All Answers Don’t Look The Same (Part 2)
By Laurel Owens (a continuation of a post from 12/10)
Another challenge in helping our non-verbal or lower
functioning friends participate is knowing how to encourage them in club. Often
there will be one or two friends in the back of the room who seem impossible to
involve in club. And we think “If I can just say the right thing, I’ll convince
them” or “If I can get them to the other side of the room and away from the
door, then they’ll participate”. Or we think the opposite, “They’ll never
participate, so I’ll just let them entertain themselves in the back of the room.”
Laurel and Kyle |
Both of those responses aren’t right or wrong.

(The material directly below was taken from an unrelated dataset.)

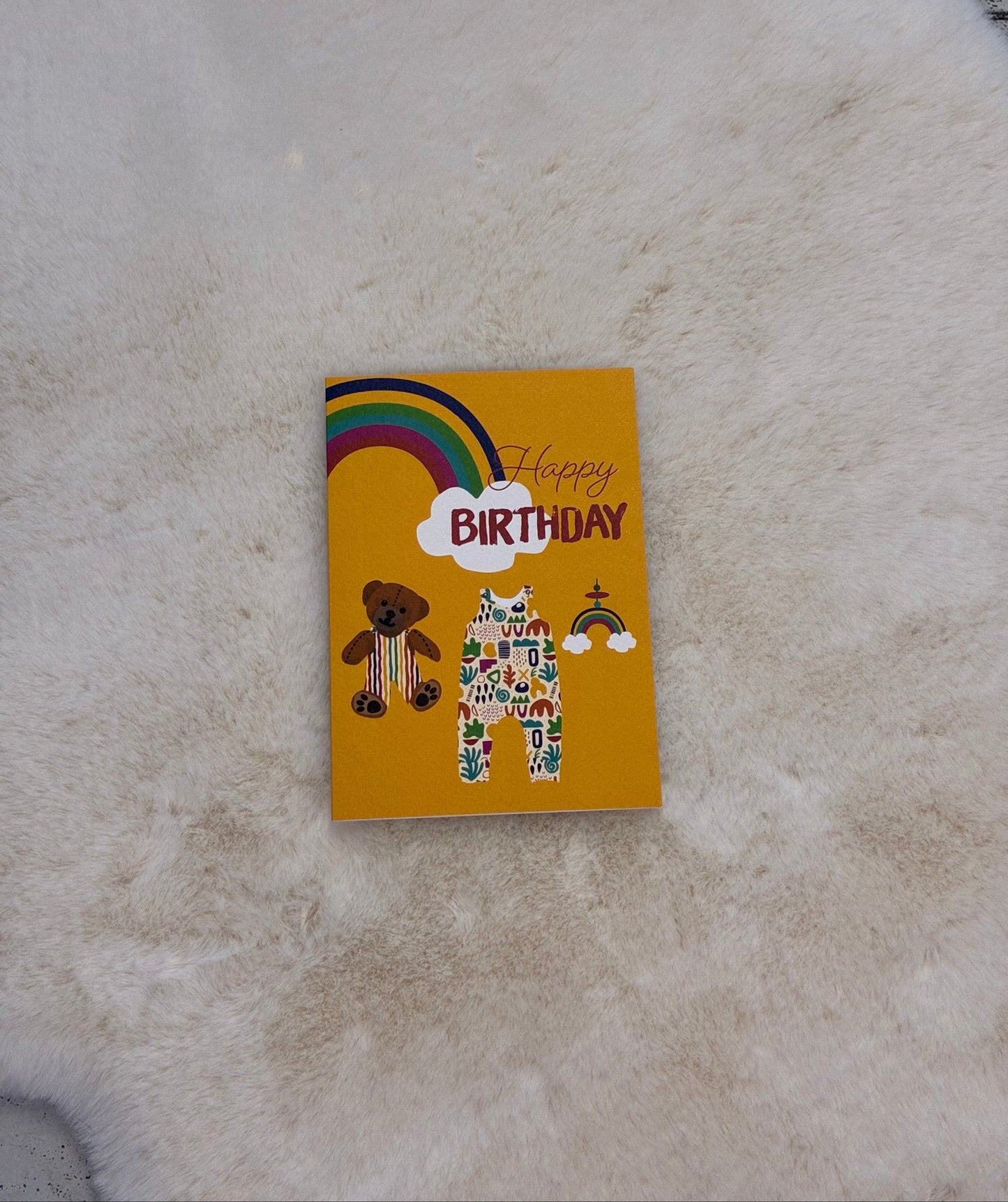 Small yellow birthday card with colorful design on a textured surface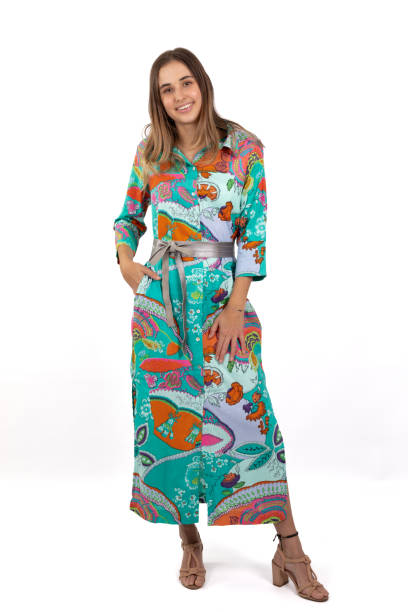 A young woman stands in a full-length image, wearing a brightly colored and bold patterned shirt dress against a crisp white background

I’ll use my brother Kyle as an example for this:
Kyle is a pretty giant 21 year old; 250 lbs, 6 feet tall. He
also has non-verbal, classical Autism. Most of his speech is just noise or
humming, and he is constantly moving, flapping his arms or covering his ears.
So if you don’t know Kyle, it can be extremely hard to know how to engage him.
He won’t give you much of an answer.
A setting like Capernaum club can be pretty hard for him,
unless he has formed a relationship with someone who he really trusts. And this
takes years to do!
Our friends will not move from their favorite corner, get up
out of the chair, or sit down with the group if they feel like their leader may
mislead them. They want to have a trusting relationship with their Young Life
leader just like anyone else. But establishing that trusting relationship takes
time.
Laurel and Kyle |
So as a sister, here’s my advice:
Just sit.
Have the same leader sit beside that student, at a distance
that feels safe, for however long it takes. Sit in the corner, hallway, or
wherever, and don’t speak unless it’s important. Don’t push them to jump right
in. Let them learn that you are 1) consistent, 2) respectful of their
boundaries, 3) friendly and 4) available to help.
Slowly but surely, the student may sit closer (or sit down period),
may grab your hand when they need help, or make eye contact. That is their way
of saying, “I think you might be okay.” As that trust relationship is built,
they will be more open to considering your suggestion to participate more,
because they know you wouldn’t lead them astray.